Excellent, easy to understand essay on the history of Neoliberalism and how to fix it.

As a university lecturer, I often find that my students take today’s dominant economic ideology – namely, neoliberalism – for granted as natural and inevitable. This is not entirely surprising given that most of them were born in the early 1990s, for neoliberalism is all that they have known.  In the 1980s, Margaret Thatcher had to convince people that there was “no alternative” to neoliberalism.  Today, this assumption comes ready-made; it’s in the water, part of the common-sense furniture of everyday life, and generally accepted as given by the Right and Left alike.  But it has not always been this way.  Neoliberalism has a specific history, and knowing that history is an important antidote to its hegemony, for it shows that the present order is not natural or inevitable, but rather that it is new, that it came from somewhere, and that it was designed by particular people with particular interests.

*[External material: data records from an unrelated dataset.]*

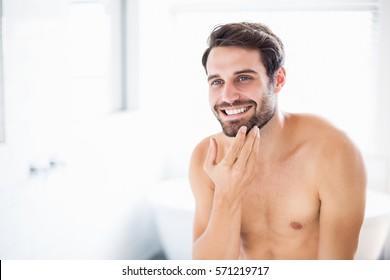 Young Man Checking His Stubble In Bathroom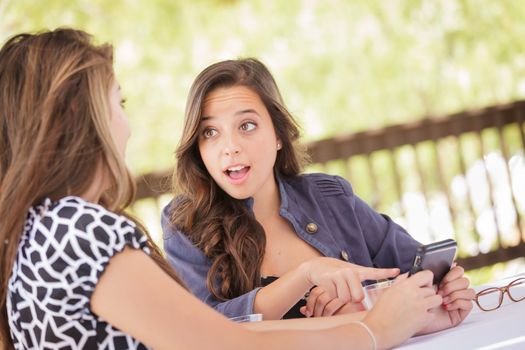 Expressive Young Adult Girlfriends Using Their Smart Cell Phone Outdoors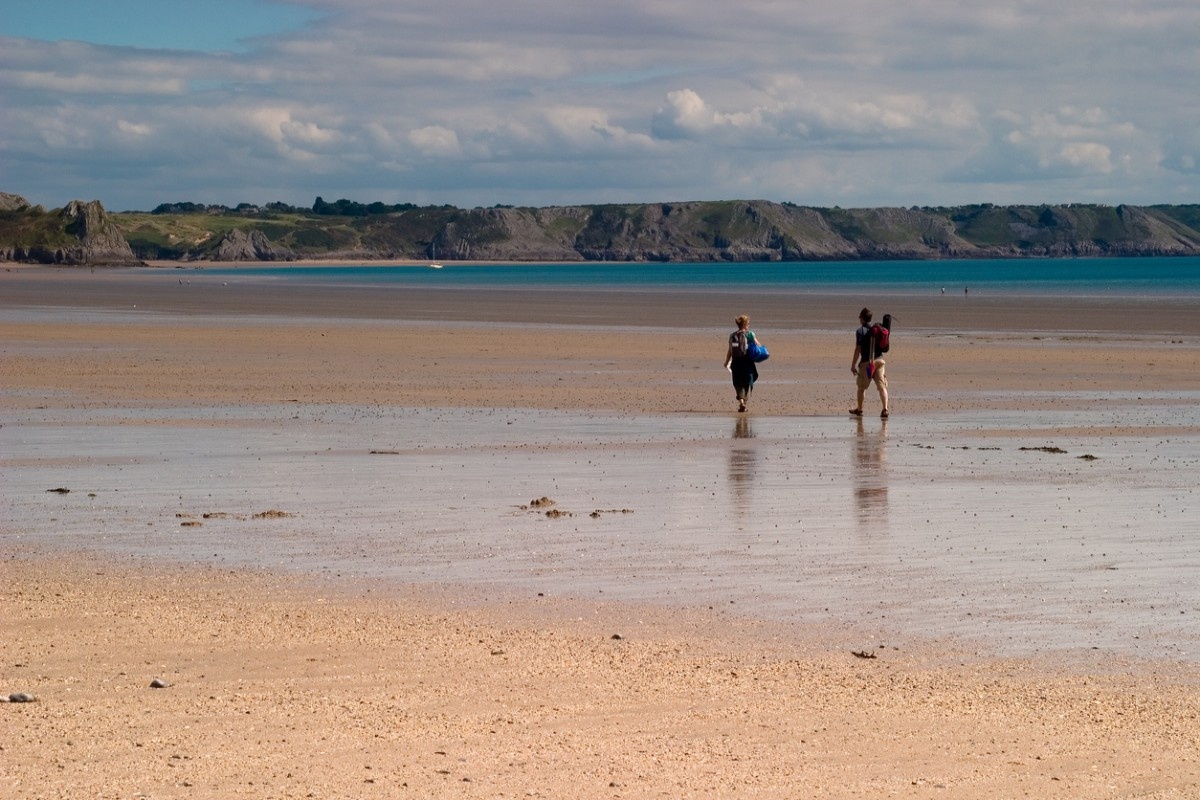 People walking along Oxwich bay beach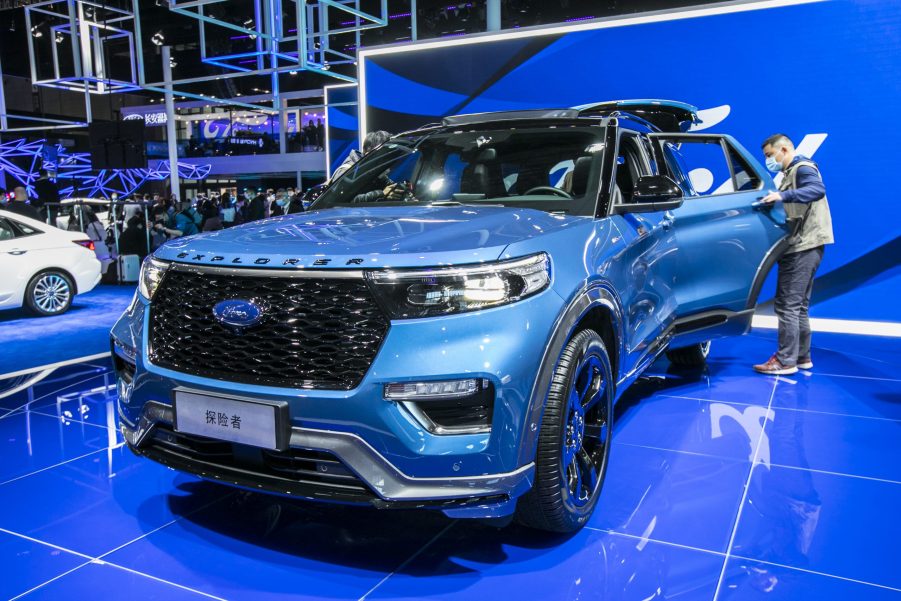 A blue 2021 Ford Explorer on a showroom floor.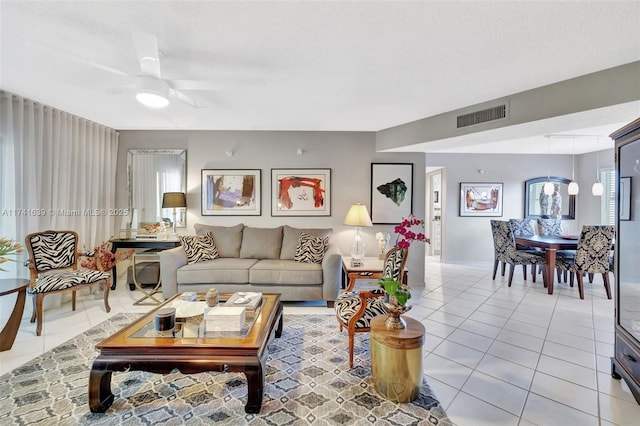 4000 NW 44th Ave Unit 405, Lauderdale Lakes, FL 33319 - living room with light tile patterned floors and ceiling fan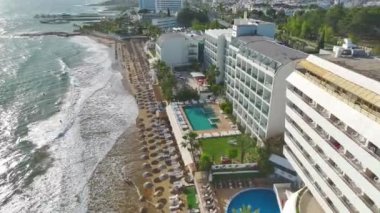 4K 'da yakalanan altın kum ve şemsiyeli güzel bir kumsalın keyfini çıkarın..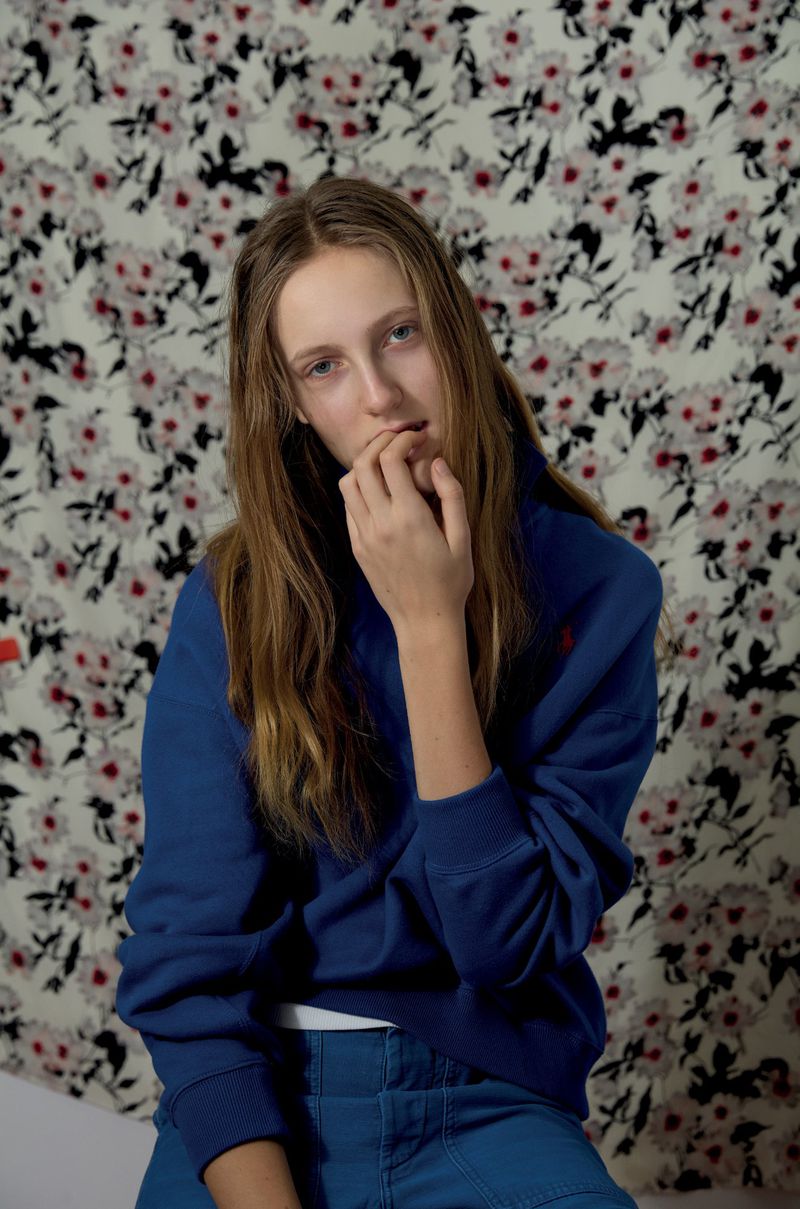Young woman with long hair poses indoors against a floral wall, wearing a blue Ralph Lauren sweatshirt and blue pants, looking at the camera.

If an economist living in the 1950s had seriously proposed any of the ideas and policies in today’s standard neoliberal toolkit, they would have been laughed right off the stage. At that time pretty much everyone was a Keynesian, a social democrat, or some shade of Marxist. As Susan George has put it, “The idea that the market should be allowed to make major social and political decisions; the idea that the State should voluntarily reduce its role in the economy, or that corporations should be given total freedom, that trade unions should be curbed and citizens given less rather than more social protection – such ideas were utterly foreign to the spirit of the time.”

So how did things change?  Where did neoliberalism come from? In the following paragraphs I offer a simple sketch of the historical trajectory that got us to where we are today.  I demonstrate that neoliberal policy is directly responsible for declining economic growth and rapidly increasing rates of social inequality – both in the West and internationally – and I make a few suggestions for how to tackle these problems.

Neoliberalism in the Western Context

The story begins with the Great Depression in the 1930s, which was a consequence of what economists call a “crisis of overproduction.”  Capitalism had been expanding by increasing productivity and decreasing wages, but this generated deep inequalities, gradually eroded people’s ability to consume, and created a glut of goods that could not find a market.  To solve this crisis and prevent it recurring in the future, economists of the time – led by John Maynard Keynes – suggested that the state should get involved in regulating capitalism.   They argued that by lowering unemployment, raising wages, and increasing consumer demand for goods, the state could guarantee continued economic growth and social well-being – a sort of class compromise between capital and labor that would forestall further instability. 

This economic model is known as “embedded liberalism” – it was a form of capitalism that was embedded in society, constrained by political concerns, and devoted to social welfare.  It sought to exchange a decent family wage for a docile, productive, middle-class workforce that would have the means to consume a mass-produced set of basic commodities.  These principles were widely applied after World War II in the United States and Europe.  Policymakers believed that they could use Keynesian principles to ensure economic stability and social welfare around the world, and thus prevent another world war. They developed the Bretton Woods Institutions (which would later become the World Bank, the IMF, and the WTO) toward this end, in order to smooth out balance of payment problems and to foster reconstruction and development in war-torn Europe.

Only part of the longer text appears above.